Batman cinema shooting: US mourns Aurora victims
A candlelit vigil has been held in Aurora, Colorado, as the US begins to mourn the 12 people killed by a gunman at a showing of the new Batman film, the Dark Knight Rises.
US President Barack Obama ordered flags flown at half mast.
A man in a gas mask and body armour threw tear gas canisters at a midnight screening, then fired on the crowd, killing 12 and injuring 58.
Suspect James Holmes, 24, was arrested outside the cinema, police said.
He will appear at Arapahoe County District Court, in nearby Centennial, Colorado, on Monday at 09:30 local time (15:30 GMT).
Hundreds of mourners gathered in Aurora for the vigil.
Candles and flowers were left on the lawn. One letter read: "To all the innocent souls... This is for you. We will never forget. This is Aurora."
At the Queen of Peace Roman Catholic church, Denver Archbishop Samuel Aquila told mourners: "Blessed are those who mourn, for they will be comforted. The heart of our Father is stronger than the bullets that killed 12 people."
In a briefing at the end of the day in Colorado, an emotional Governor John Hickenlooper confirmed that the casualty figure had been revised down one, to 70 people killed or injured.
Thirty people remained in hospital, Mr Hickenlooper said, with 11 of those in a critical condition.
"It's an act that defies description. Everyone I've talked to all day is filled with an anger that can't find focus," he said.
Aurora police chief Dan Oates said the attempt to defuse complex booby-traps, explosive devices and "things that look like mortar rounds" at Mr Holmes's home had been abandoned for the night, with federal government experts due to arrive on Saturday.
"I've personally never seen anything like what we've found in there," the police chief said.
James Holmes was said to be armed with a rifle, a shotgun and two pistols when he launched his assault. All weapons and ammunition were bought legally within the past few months, Mr Oates said.
Authorities have established no terrorism link, nor any motive, and Mr Holmes had no criminal record in Aurora.
In New York, Police Commissioner Raymond Kelly said the suspect had dyed his hair red and told police he was the Joker, Batman's infamous nemesis.
Cinemas in that city tightened security at Batman showings following the attack, and the French premiere of the film in Paris was cancelled.
The film's director, Christopher Nolan, issued a statement expressing his horror.
"The movie theatre is my home, and the idea that someone would violate that innocent and hopeful place in such an unbearably savage way is devastating to me," Nolan said.
"Nothing any of us can say could ever adequately express our feelings for the innocent victims of this appalling crime, but our thoughts are with them and their families."
Despite a strong past academic record, James Holmes was in the process of withdrawing from a doctoral programme in neuroscience at the University of Colorado-Denver.
One neighbour told Agence France-Presse that Mr Holmes "was always wearing camouflage pants", adding: "We did not know him well because he talked to nobody.

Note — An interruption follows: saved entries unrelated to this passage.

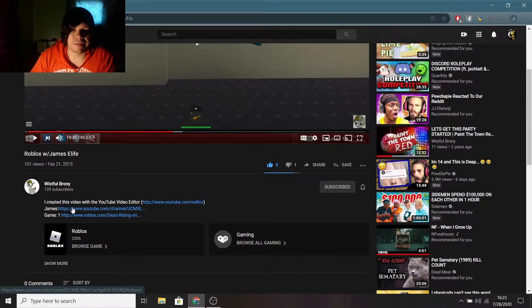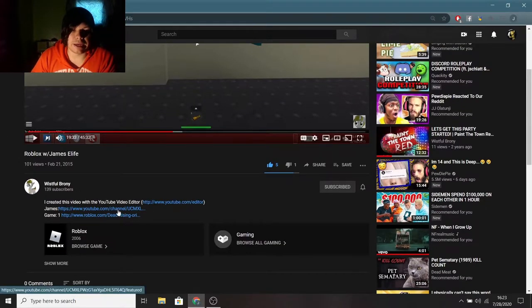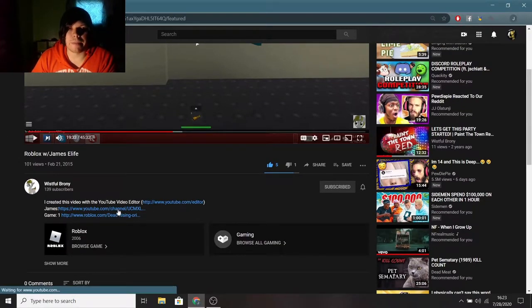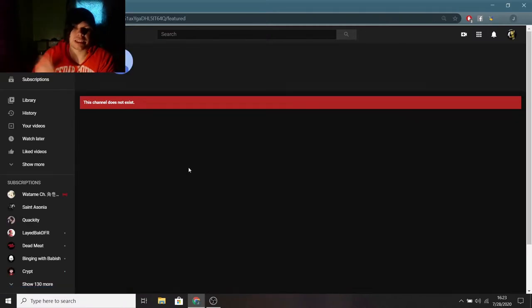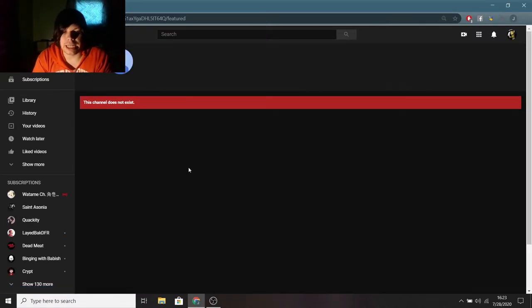And I go here, and I see my link for my old channel, and you click it. And it doesn't exist anymore. Because I deleted it.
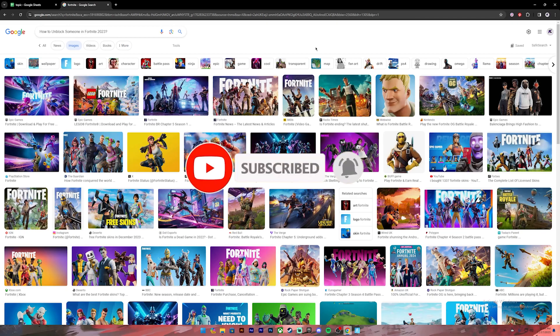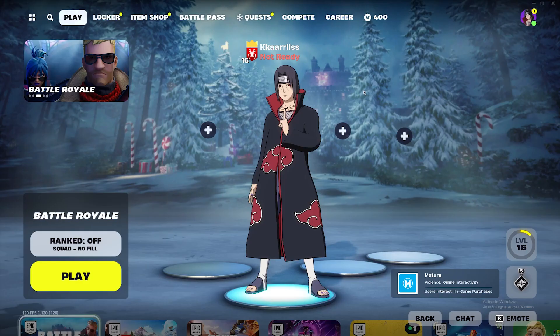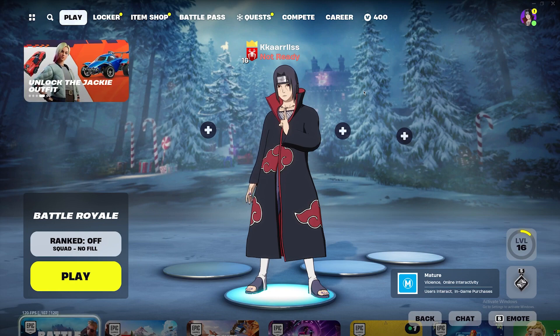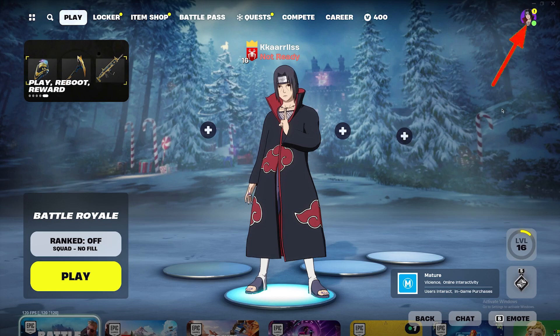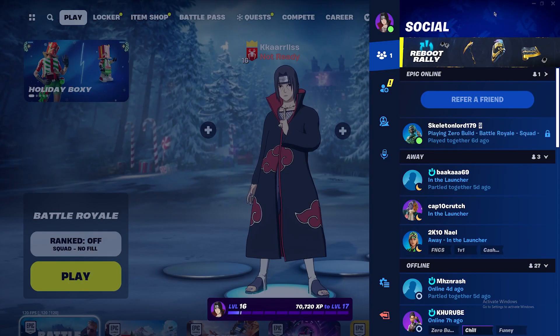Now let's get started. First of all, open your Fortnite application. Once you open it, make sure you log into your account. Once you log in, you'll get to the home page. On this page, click on your profile at the top right corner, then this menu will open up.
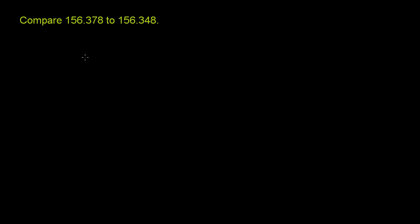We're asked to compare 156.378 to 156.348. So I assume that they are asking us which of these is greater. And so let's rewrite these numbers.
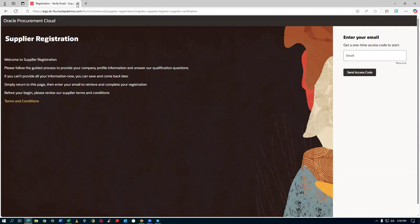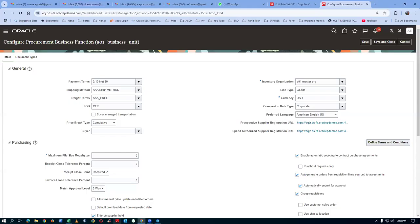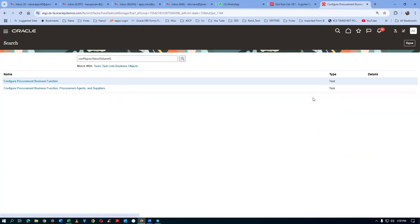The supplier enters the access code and starts the registration process. With this, we conclude today's session. We will continue with supplier onboarding tomorrow. Saturday's class will begin at 2 PM.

He was always locked up behind his door."
His family said in a written statement: "Our hearts go out to those who were involved in this tragedy and to the families and friends of those involved. We ask that the media respect our privacy during this difficult time."
Police have given no indication of the names of the dead, the last of whose bodies was removed from the cinema at about 17:00 on Friday.
One woman known to have been killed was Jessica Ghawi , also known as Jessica Redfield, an aspiring broadcaster and a regular blogger.
In June, Ms Ghawi, 24, narrowly missed being caught in a shooting rampage in Toronto, leaving the scene five minutes before a man opened fire at the Eaton Centre shopping mall.
The attack began minutes into the showing at about 00:30 local time (06:30 GMT), when the gunman apparently entered the cinema through an emergency exit door near the front of the auditorium.
Reports said the attacker had a ticket but left the cinema, pretending to receive a phone call, before returning fully armed.
He wore a bullet-proof vest, tactical body armour and gloves, and was carrying an AR-15 military-style, semi-automatic rifle, a shotgun and two pistols, police said.
He threw two tear gas grenades, then opened fire with a rifle. There was chaos as movie-goers fled, some dressed in costume as heroes and villains.
Ten people were killed at the cinema and two others died later in hospital of their wounds. Among the injured were a four-month-old baby, who was released from hospital after treatment, and a six-year-old child.
One witness said the gunman had been "slowly making his way up the stairs and just firing - picking random people". At least one person in an adjacent auditorium was injured when a bullet went through the wall, police said.
Another eyewitness, identified only as Pam, told the BBC: "He fired a canister into the air. It shot right into the air, then I started to hear the bang, bang, bang of a gun."
Salina Jordan, 19, told the Denver Post she had seen one girl shot in the cheek, and a girl who appeared to be about nine years old with a gunshot wound to the stomach.
Informed of the massacre at dawn, President Obama spoke briefly to a campaign rally before returning to the White House to address the situation.
"There are going to be other days for politics," he said.
"This, I think, is a day for prayer and reflection."